Penales said she hopes to go to law school to continue the work she has done with her internships, as well as to join a legal counsel for a nonprofit like the American Civil Liberties Union to continue working on policy change.

Penales has a history of activism at Baylor. Last school year, she co-authored the “No Crying On Sundays” bill in support of chartering Gamma Alpha Upsilon while she was a student senator, and she was part of a lawsuit against the U.S. Department of Education for giving Title IX exemptions to religious universities.

“You get a special feeling when you’re fighting for a cause bigger than yourself,” Penales said. “Everyone is giving you all these challenges and obstacles that you have to face in order to push for these causes to be successful.
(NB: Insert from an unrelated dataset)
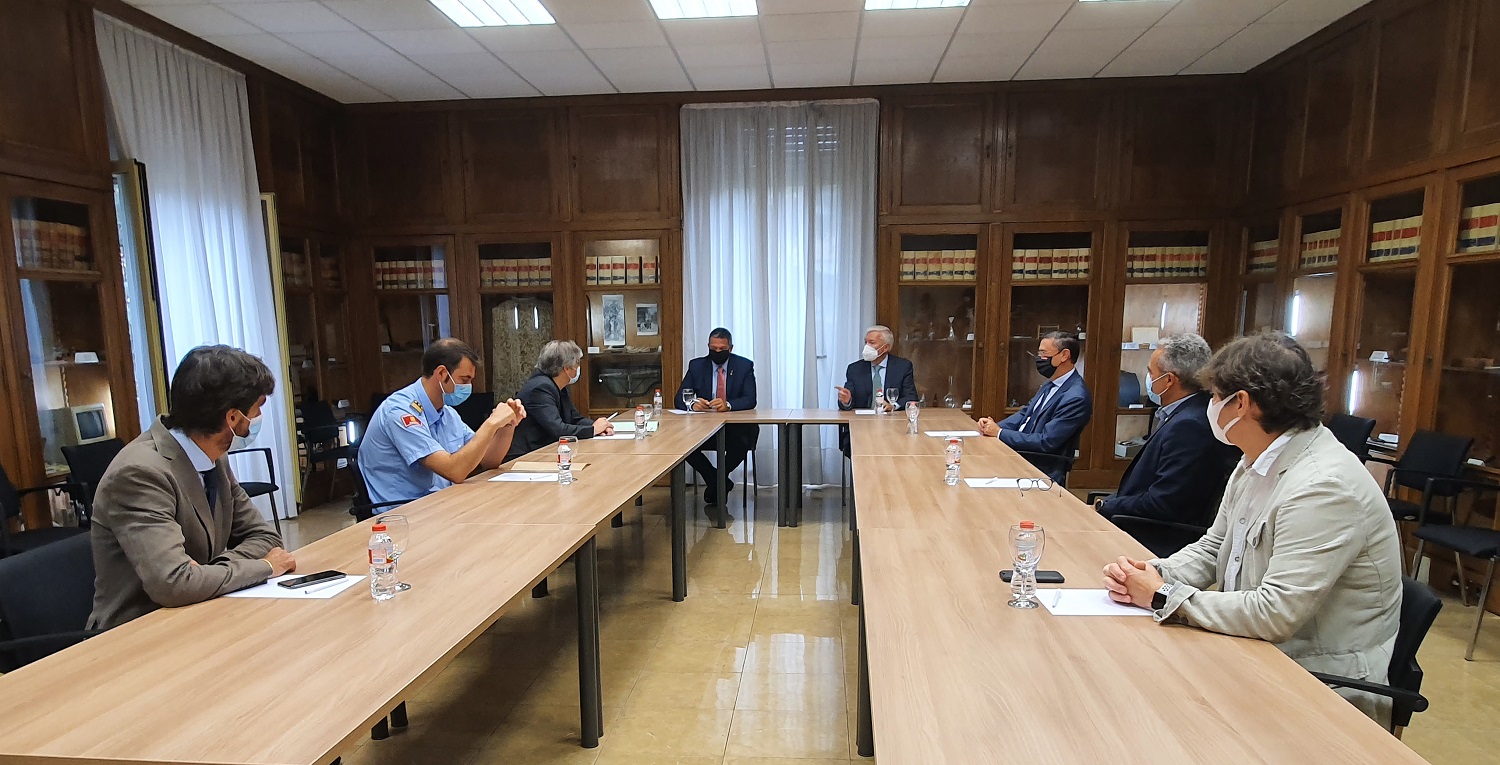 Visita institucional de Miquel Sàmper nou conseller d'Interior a Cecot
The goal that you’re fighting for affects so much more than you and is for the betterment of institutions that you care about. A lot of people have asked me why I do the work I do at Baylor and why don’t I just transfer. It’s because I love Baylor enough to want to see it change.”

After they learned they had been named finalists, the students said they felt happy and relieved but also felt the pressure as they await the final decision on who would be named a recipient of the scholarship. Winners of the $30,000 scholarship won’t be announced until the week of April 4.

“It’s not over until the fat lady sings,” Stromberg said. “Now we’re in a waiting game. But no matter what happens, I’m really thankful to be at this stage and to have had this experience.”